Solutions providers can ensure Windows 7 operating system stability by using the reliability monitor. The resource monitor will help keep track of system usage, including CPU.

Solutions provider takeaway: Assessing how stable your customer's Windows 7 system will be over a long period of time can be simplified by using the reliability monitor. You can also keep a close eye on system usage, such as CPU or memory, with the resource monitor.

About the book
This chapter excerpt on Managing and Monitoring Windows 7 (download PDF) is taken from the book Using Microsoft Windows 7. The Windows 7 advice and troubleshooting tips in this book will help you navigate through the operating system with ease. Help your customers take advantage of Windows 7's features, tools and applications by reading through the online version of the book that includes video, screencast tutorials and podcasts.

Performance Information and Tools

The Windows Experience Index (WEI) was first introduced in Vista. It returns largely unchanged in Windows 7 (see Figure 11.1) save for a few subtle refinements. The purpose of the WEI is to measure the capability of your computer's hardware and software configuration. After testing it out, the WEI expresses this measurement as a Base score number. The higher the base score, the better.

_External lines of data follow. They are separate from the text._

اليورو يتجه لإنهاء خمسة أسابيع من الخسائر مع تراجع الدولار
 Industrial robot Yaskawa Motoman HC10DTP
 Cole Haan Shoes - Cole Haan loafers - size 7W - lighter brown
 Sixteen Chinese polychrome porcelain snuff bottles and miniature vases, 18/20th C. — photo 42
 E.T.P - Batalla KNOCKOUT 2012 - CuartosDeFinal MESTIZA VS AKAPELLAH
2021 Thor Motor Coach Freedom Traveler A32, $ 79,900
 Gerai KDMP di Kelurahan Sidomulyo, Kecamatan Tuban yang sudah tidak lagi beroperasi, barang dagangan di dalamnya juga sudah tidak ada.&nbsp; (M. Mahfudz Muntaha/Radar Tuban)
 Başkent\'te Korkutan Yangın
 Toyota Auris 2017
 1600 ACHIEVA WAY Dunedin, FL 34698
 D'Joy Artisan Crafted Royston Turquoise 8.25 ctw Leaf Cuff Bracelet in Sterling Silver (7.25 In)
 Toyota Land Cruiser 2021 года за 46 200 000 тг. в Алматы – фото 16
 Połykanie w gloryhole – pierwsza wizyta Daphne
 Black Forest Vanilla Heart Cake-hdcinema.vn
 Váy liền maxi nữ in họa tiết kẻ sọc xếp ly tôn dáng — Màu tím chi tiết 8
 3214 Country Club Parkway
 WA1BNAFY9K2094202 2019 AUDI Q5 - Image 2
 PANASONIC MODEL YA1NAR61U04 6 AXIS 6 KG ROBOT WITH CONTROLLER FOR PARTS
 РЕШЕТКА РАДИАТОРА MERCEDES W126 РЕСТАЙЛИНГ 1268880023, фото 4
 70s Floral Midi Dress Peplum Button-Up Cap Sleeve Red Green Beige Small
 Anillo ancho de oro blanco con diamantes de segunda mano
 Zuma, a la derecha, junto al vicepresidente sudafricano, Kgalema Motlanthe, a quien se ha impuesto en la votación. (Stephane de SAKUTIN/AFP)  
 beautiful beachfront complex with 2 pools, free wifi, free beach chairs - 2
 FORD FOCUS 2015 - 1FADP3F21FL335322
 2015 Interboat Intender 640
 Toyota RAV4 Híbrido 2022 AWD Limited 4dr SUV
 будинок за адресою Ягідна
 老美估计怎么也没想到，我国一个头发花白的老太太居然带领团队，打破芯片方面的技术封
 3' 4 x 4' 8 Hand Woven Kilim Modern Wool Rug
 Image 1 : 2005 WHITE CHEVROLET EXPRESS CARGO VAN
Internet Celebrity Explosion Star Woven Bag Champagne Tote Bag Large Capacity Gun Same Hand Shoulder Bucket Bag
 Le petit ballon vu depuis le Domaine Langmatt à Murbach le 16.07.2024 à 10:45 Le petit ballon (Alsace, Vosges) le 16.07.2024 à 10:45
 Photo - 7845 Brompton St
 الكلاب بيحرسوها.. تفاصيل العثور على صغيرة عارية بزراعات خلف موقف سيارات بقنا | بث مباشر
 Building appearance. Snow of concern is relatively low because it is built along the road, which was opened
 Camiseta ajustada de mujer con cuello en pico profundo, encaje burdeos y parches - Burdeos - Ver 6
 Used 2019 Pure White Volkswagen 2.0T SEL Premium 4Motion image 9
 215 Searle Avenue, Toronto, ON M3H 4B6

Figure 11.1 The Windows Experience Index (WEI).

Running the Windows Experience Index Assessment

Before starting this exercise, shut down any applications running on your system. These could potentially slow system performance and return a lower score. The following steps show you how to run the Windows Experience Index assessment (see Figure 11.1).

 

  1. Click the Start orb.
  2. Click Control Panel.
  3. Click System and Security.
  4. Click System.
  5. Click Windows Experience Index.
  6. In the lower right, select Re-Run the Assessment. If a UAC window opens, click Yes. The test runs and updates your base score.

The Base score rating is a number that is based upon the five Subscore ratings for the following categories:

 

  • Processor
  • Memory (RAM)
  • Graphics
  • Gaming Graphics
  • Primary Hard Disk

The final rating is not, as you might expect, a compilation of all the ratings. It's actually the lowest of the Subscore ratings. For someone using basic computer functions (such as surfing the Internet), a score of 4.0 would be just fine for them to use these basic functions. On the other hand, someone playing the latest hardware- intensive games would typically need a much higher score, perhaps 7.0 or above.

WEI scores range from 1.0 to 7.9. The high score was 5.9 in Vista, so the adjustment to 7.9 accounts for faster hardware since Vista was released. In response to experience and feedback comparing closely related devices, Windows 7 updated the scoring rules that Vista used.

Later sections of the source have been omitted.